[Short descriptive text snippets]
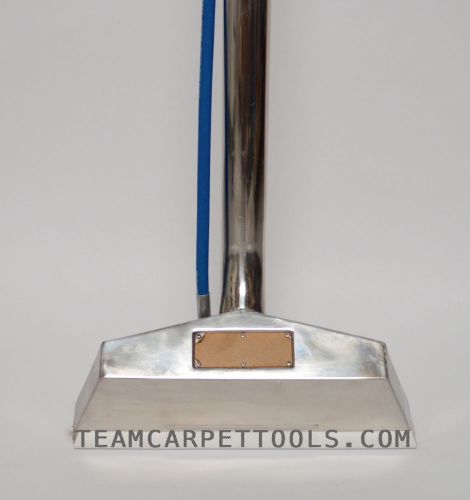 Carpet Cleaning Wand 15&#034; 5-Jet 2&#034; Stainless Steel Tube VT, Green Horn CMP Style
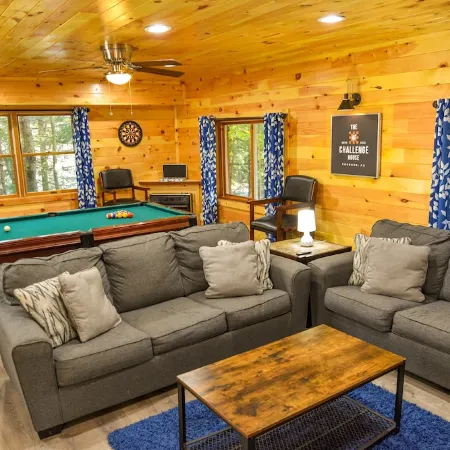 The Challenge House*mega games*hottub*beach*lake*The ultimate Poconos game house
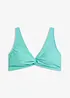 Reggiseno a bustier per bikini con dettaglio attorcigliato, bonprix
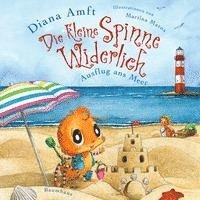 bokomslag Die kleine Spinne Widerlich - Ausflug ans Meer (Mini-Ausgabe)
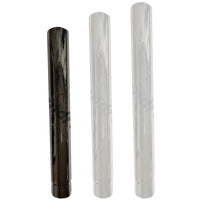 Grand Rock - 7″ x 48", 52″ or 55" Flat Top O.D. Chrome Spool Pipe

• [WHAT YOU ARE ASKED TO DO]:
Repeat word for word the lines starting at the one with "bokomslag Die kleine" and ending at the final line of the records above, both included; no pictures.

• [SOLUTION FOR THIS TASK]:
 bokomslag Die kleine Spinne Widerlich - Ausflug ans Meer (Mini-Ausgabe)
 Grand Rock - 7″ x 48", 52″ or 55" Flat Top O.D. Chrome Spool Pipe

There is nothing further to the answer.